• _Your objective_: Please transcribe only the lines from the one holding "Chevron Renaissance Ocean" through the final line of the data, both included, with no pictures.

Segment Start: Data supplied

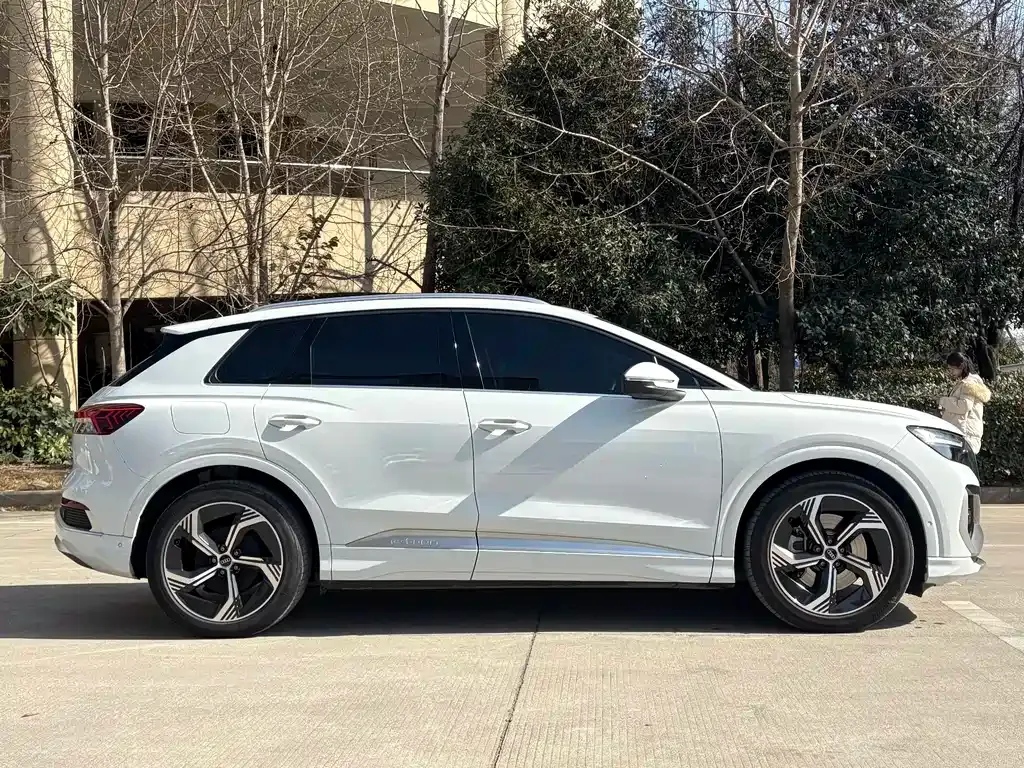 Audi Q4 e-tron — фото 6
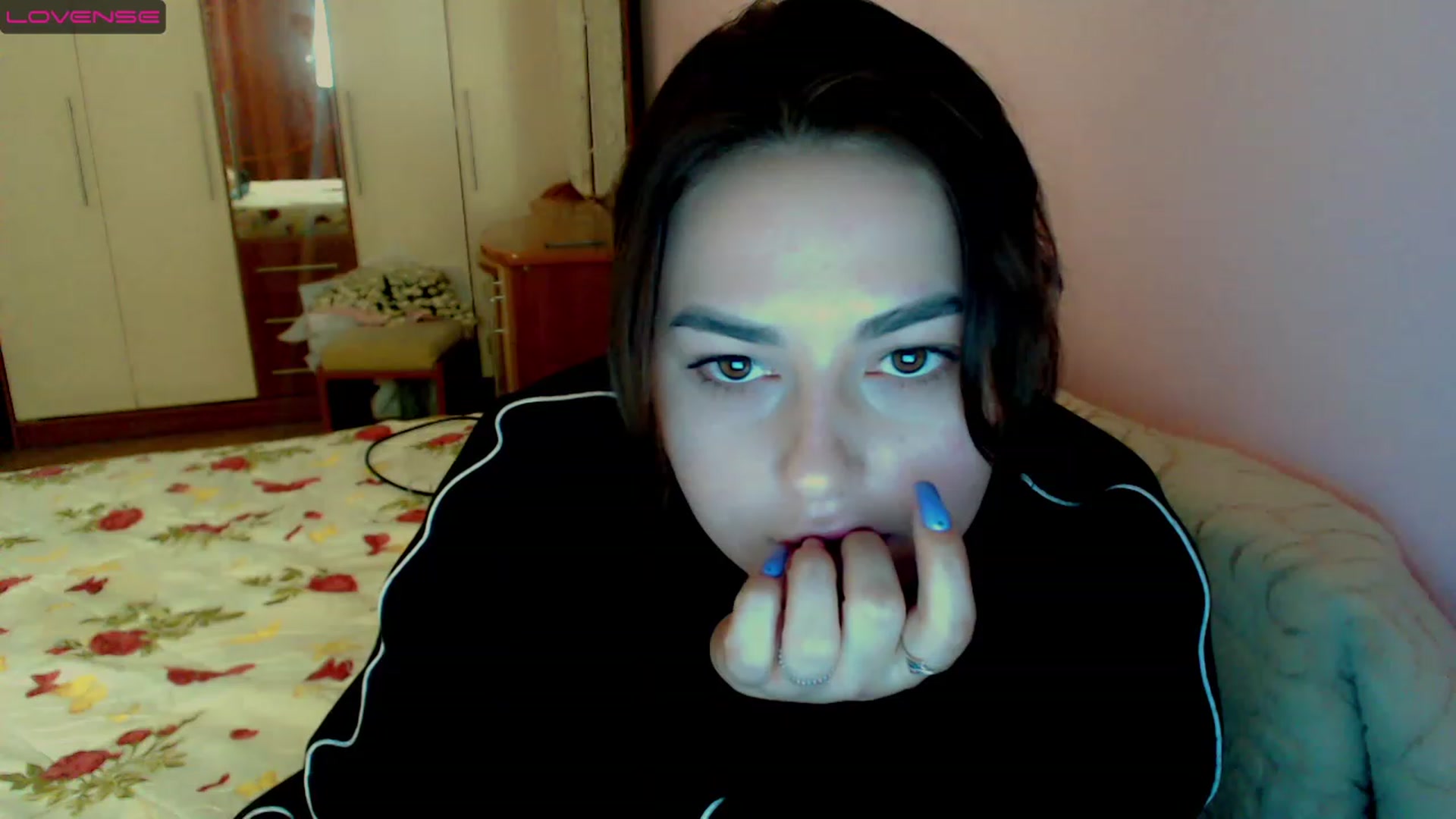 Gallery image thumbnail from MerryTin's myfreecams stream on, 03/29/2023, 17:13 image 16 of 20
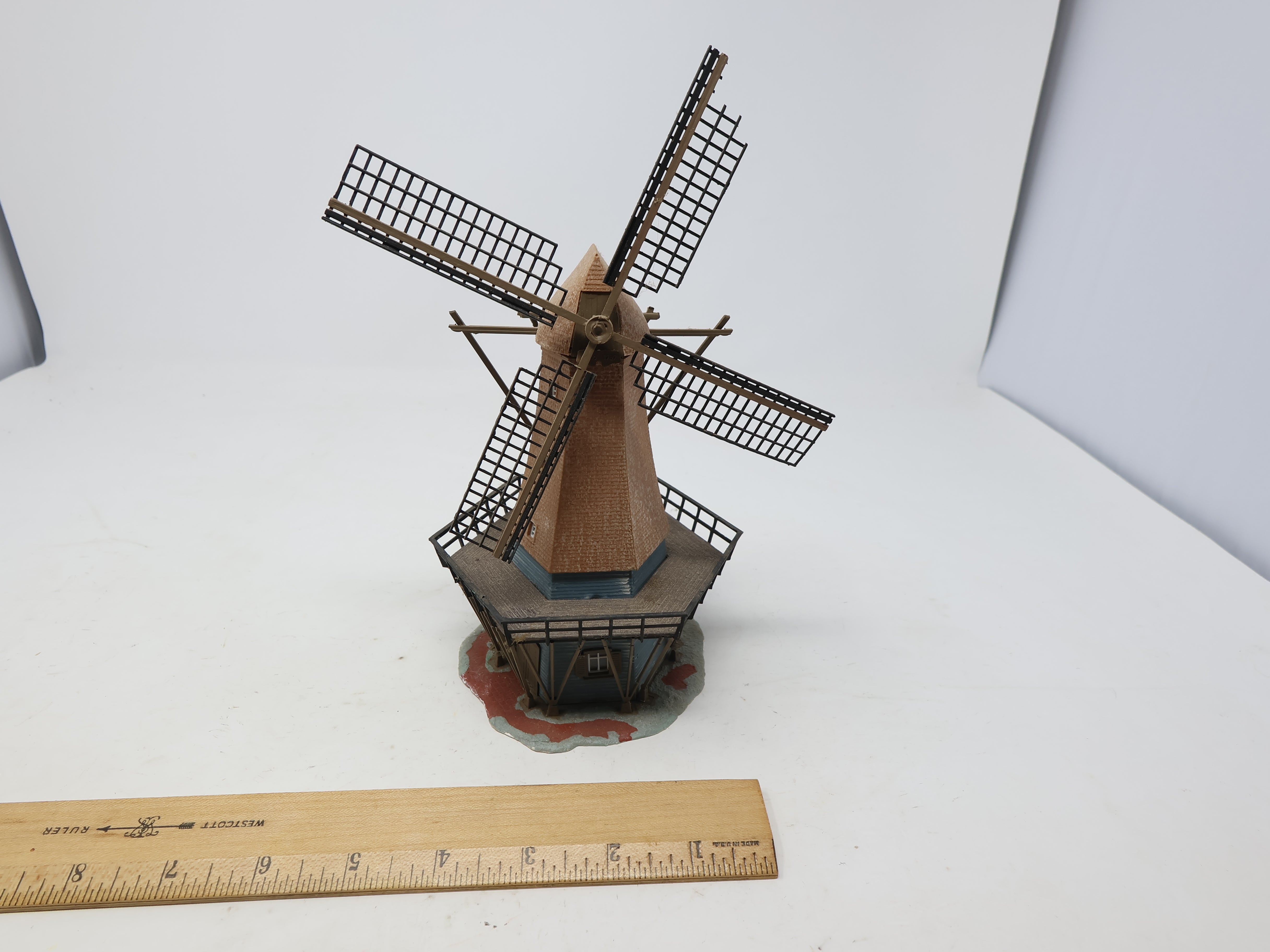 USED Kibri 39151 HO Scale, Hammarlunda Windmill Building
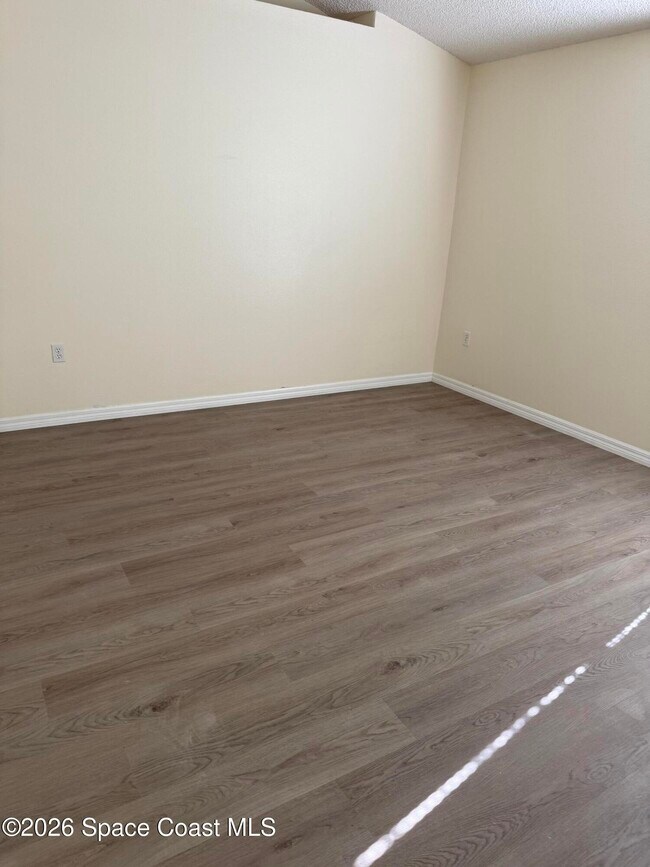 Building Photo - 1178 White Oak Cir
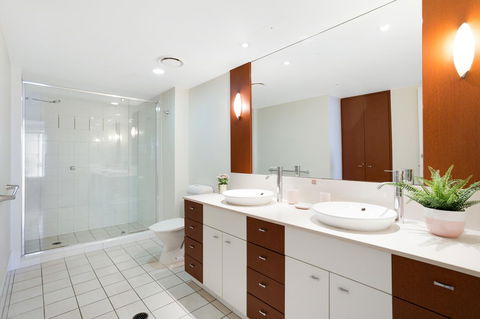 Chevron Renaissance Ocean View - Accommodation VIC 3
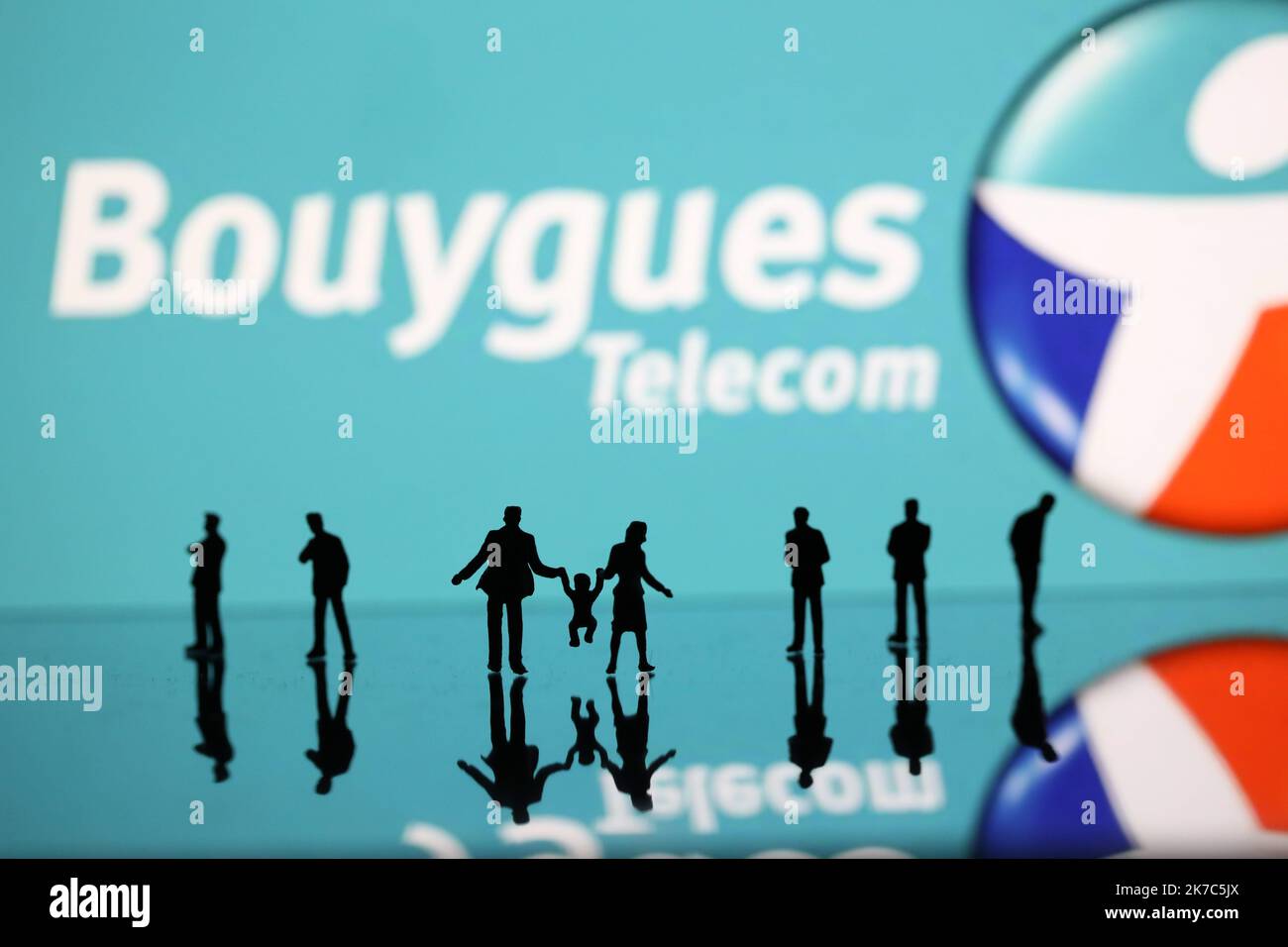 ©PHOTOPQR/LE PARISIEN/Arnaud Journois ; LONGJUMEAU ; 01/12/2020 ; ILLUSTRATION BOUYGUES TELECOM , OPERATEUR MOBILE , INTERNET - Creative business logo Stock Photo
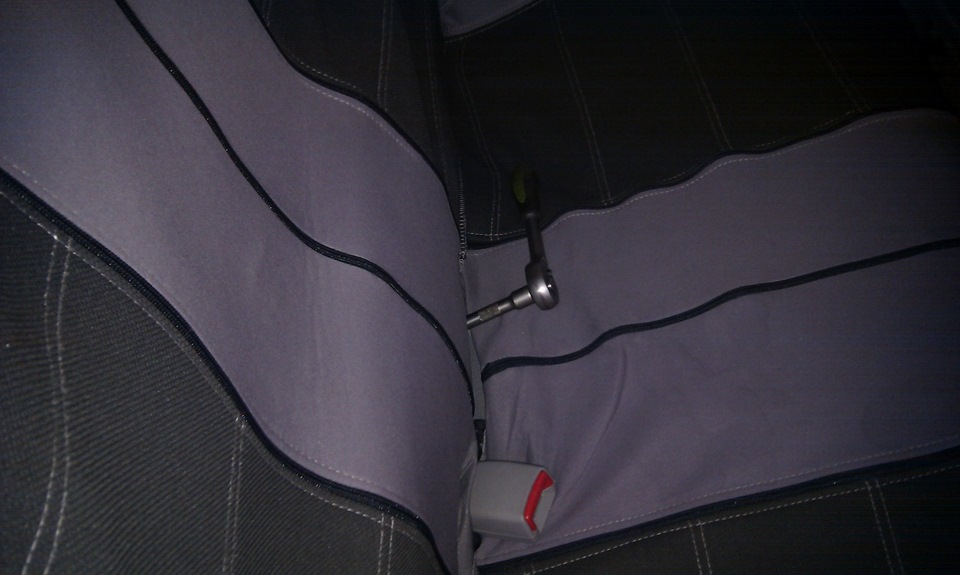 Открутить болт задней сидушки на автомобиле Hyundai Accent MC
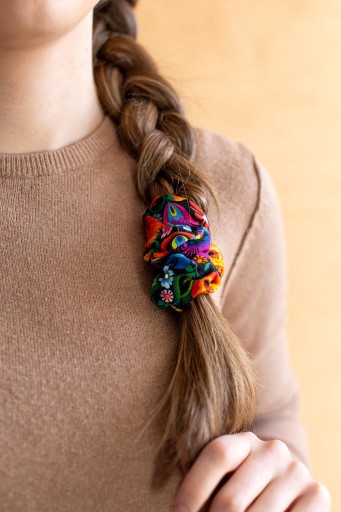 RUB NA VLASY SCRUNCHIE, LOWICKA FROTÉ, ČIERNA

Segment End: Data supplied

• _Task answer_:
 Chevron Renaissance Ocean View - Accommodation VIC 3
 ©PHOTOPQR/LE PARISIEN/Arnaud Journois ; LONGJUMEAU ; 01/12/2020 ; ILLUSTRATION BOUYGUES TELECOM , OPERATEUR MOBILE , INTERNET - Creative business logo Stock Photo
 Открутить болт задней сидушки на автомобиле Hyundai Accent MC
 RUB NA VLASY SCRUNCHIE, LOWICKA FROTÉ, ČIERNA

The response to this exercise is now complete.